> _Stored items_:
=== Begin Enclosure ===

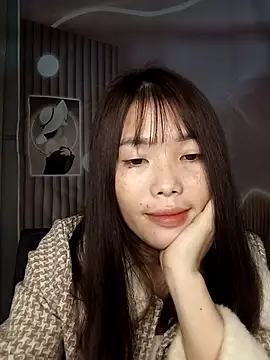 Snapshot of Fish_yellow chatting on 11.15.25 Fish yellow online show from 11.15.25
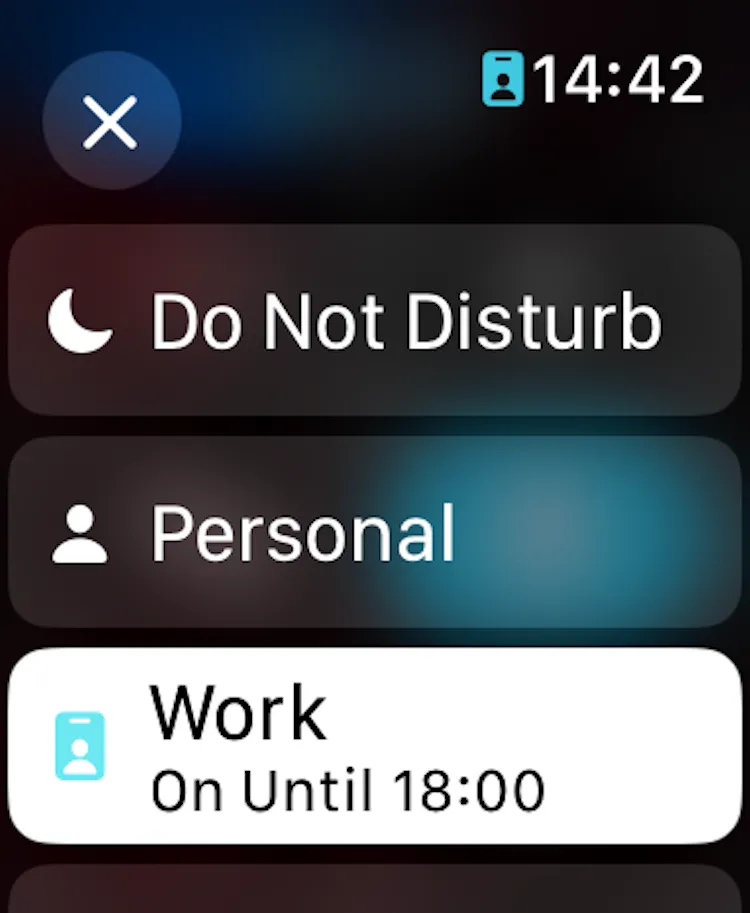 Giao diện chuyển đổi nhanh các chế độ Tập trung (Focus) trên Apple Watch khi nhấn giữ biểu tượng Focus trong Control Center.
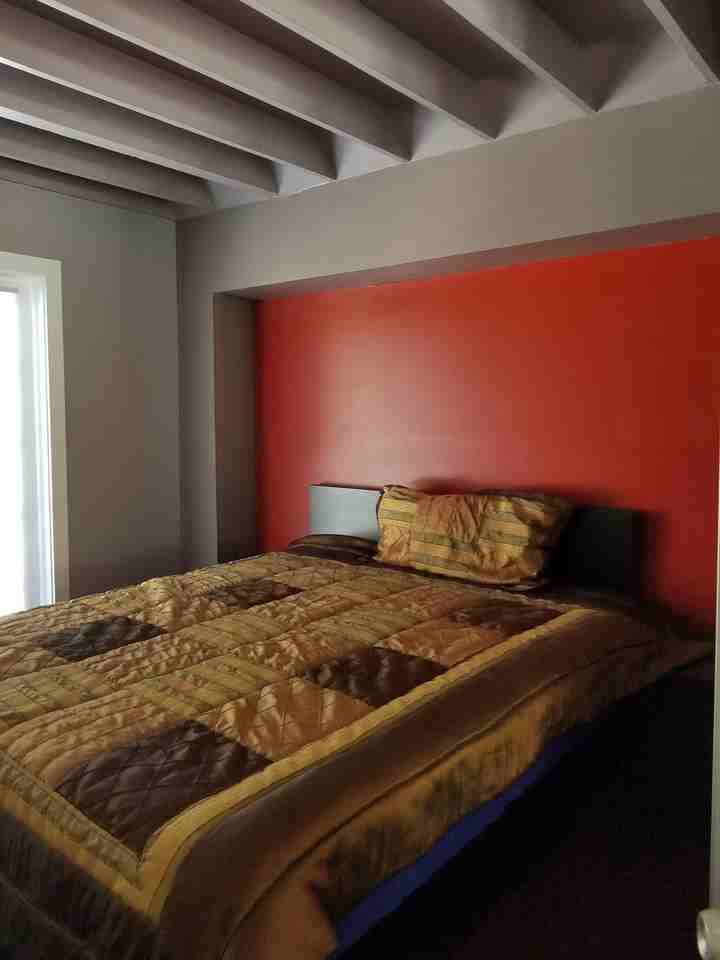 84 Almendral Ave #NA - Photo 3 of 12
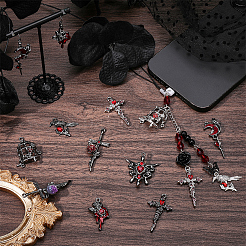 Ensemble de 24 pendentif gothique en alliage strass/acrylique/émail (12 styles différents).&nbsp;FIND-SC0023-29
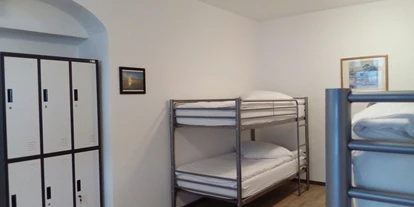 Monteurwohnung - Kühlschrank - Wenzenbach - Schlafzimmer mit Etagenbetten bereits ab 22 Euro pro Nacht - Hostel am Ostentor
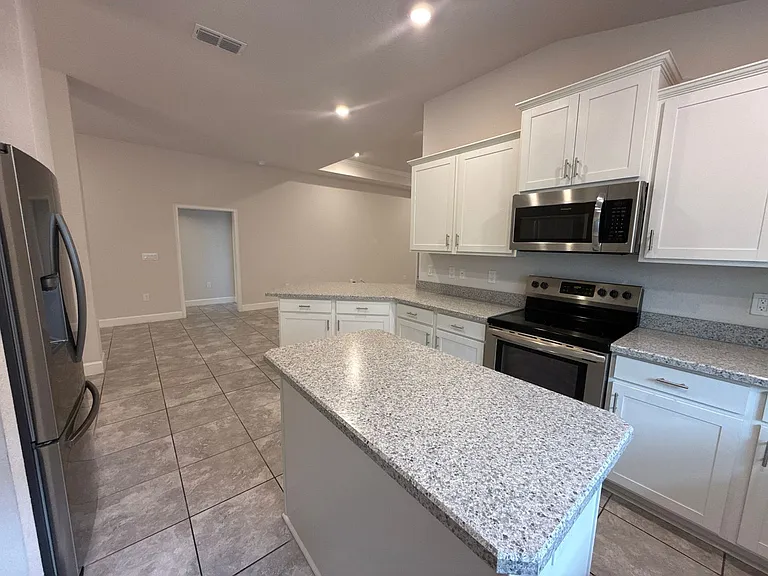 2107 Cartgate Ln — Photo 13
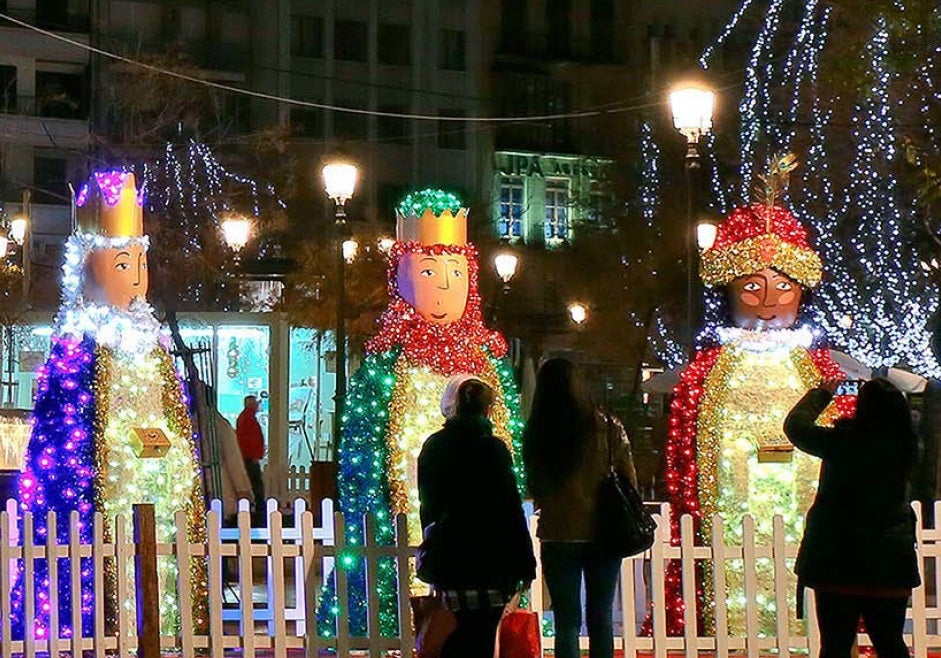 En esta galería repasamos cómo va a quedar iluminada la ciudad, con todas sus novedades, como la bola transitable 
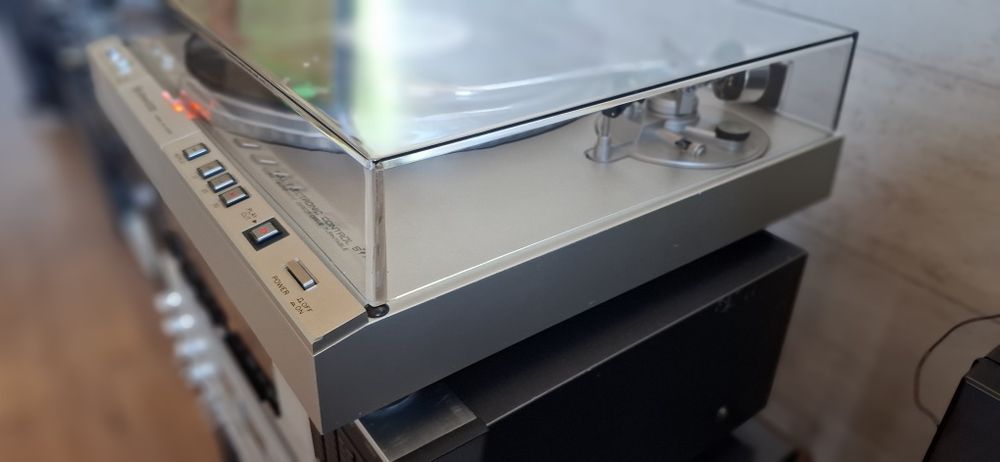 Super gramofon Kenwood KD 4100R.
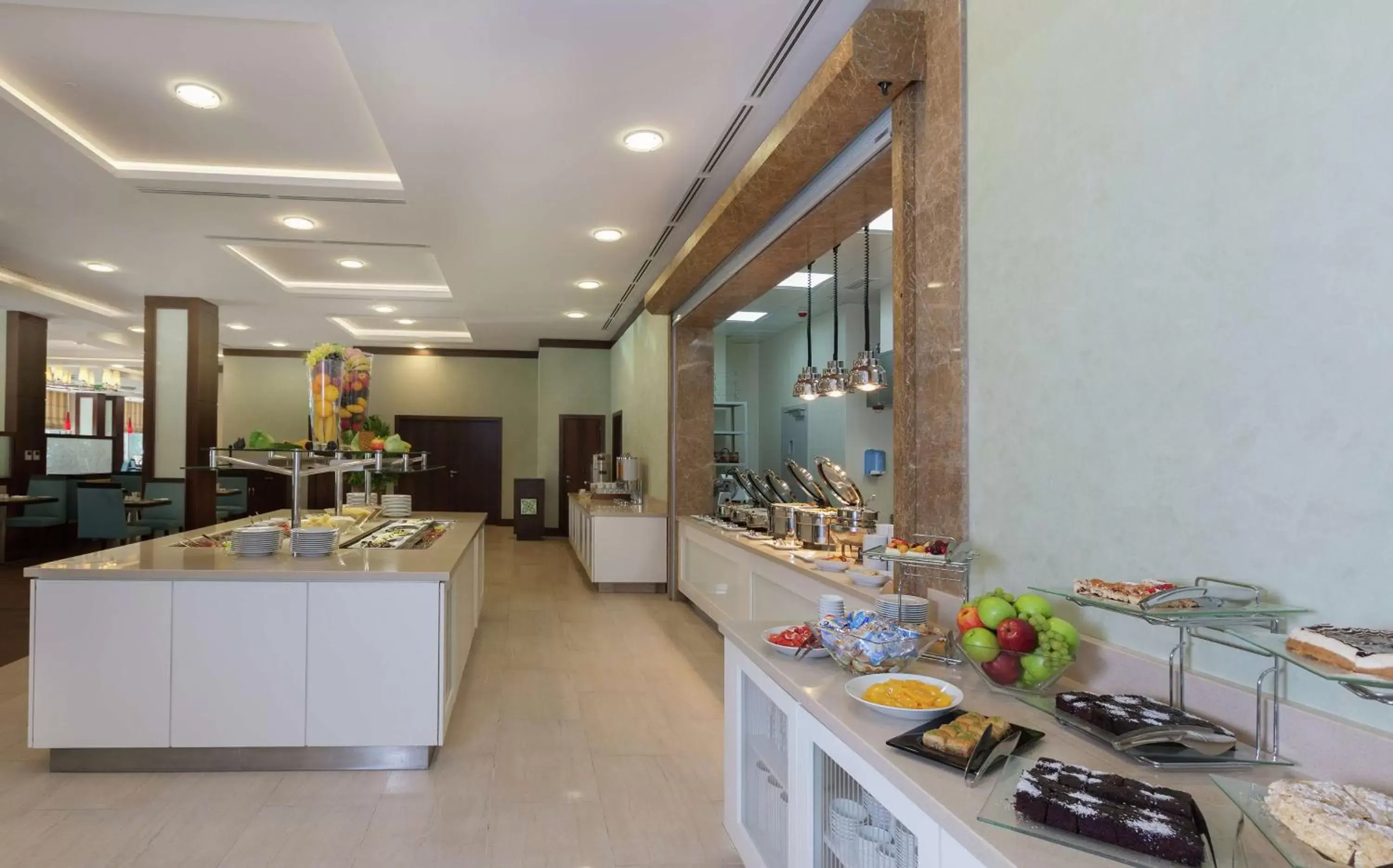Dining area, Restaurant/Places to Eat in Hilton Garden Inn Astana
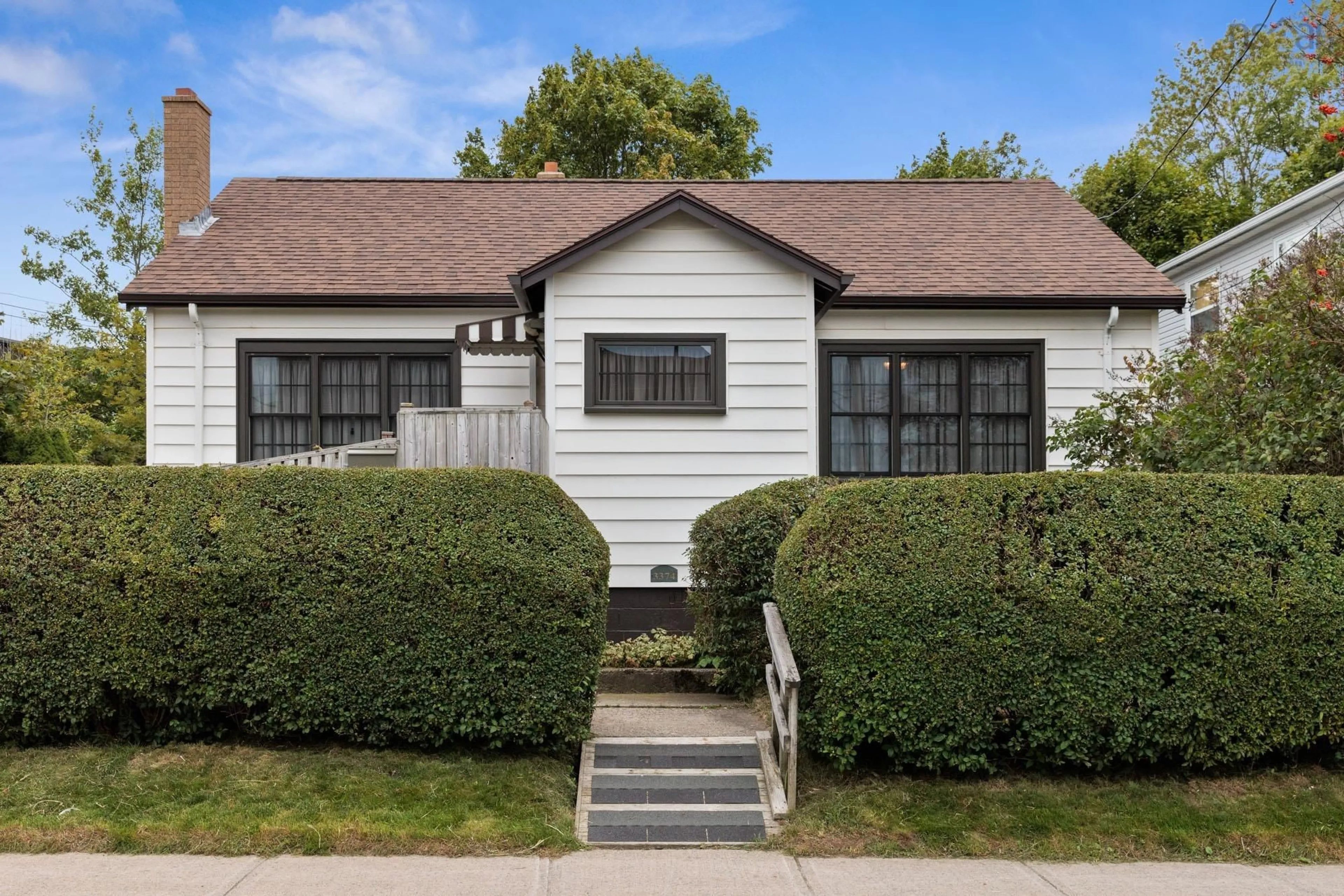 Home with vinyl exterior material, street for 3374 Windsor St, Halifax Nova Scotia B3K 5G4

=== End Enclosure ===

> _Your objective_: Give again, word for word, the lines above from the one with "En esta galería" through the final line of the data, both ends included. Do not copy any picture.

> _Reply to the exercise_:
 En esta galería repasamos cómo va a quedar iluminada la ciudad, con todas sus novedades, como la bola transitable 
 Super gramofon Kenwood KD 4100R.
Dining area, Restaurant/Places to Eat in Hilton Garden Inn Astana
 Home with vinyl exterior material, street for 3374 Windsor St, Halifax Nova Scotia B3K 5G4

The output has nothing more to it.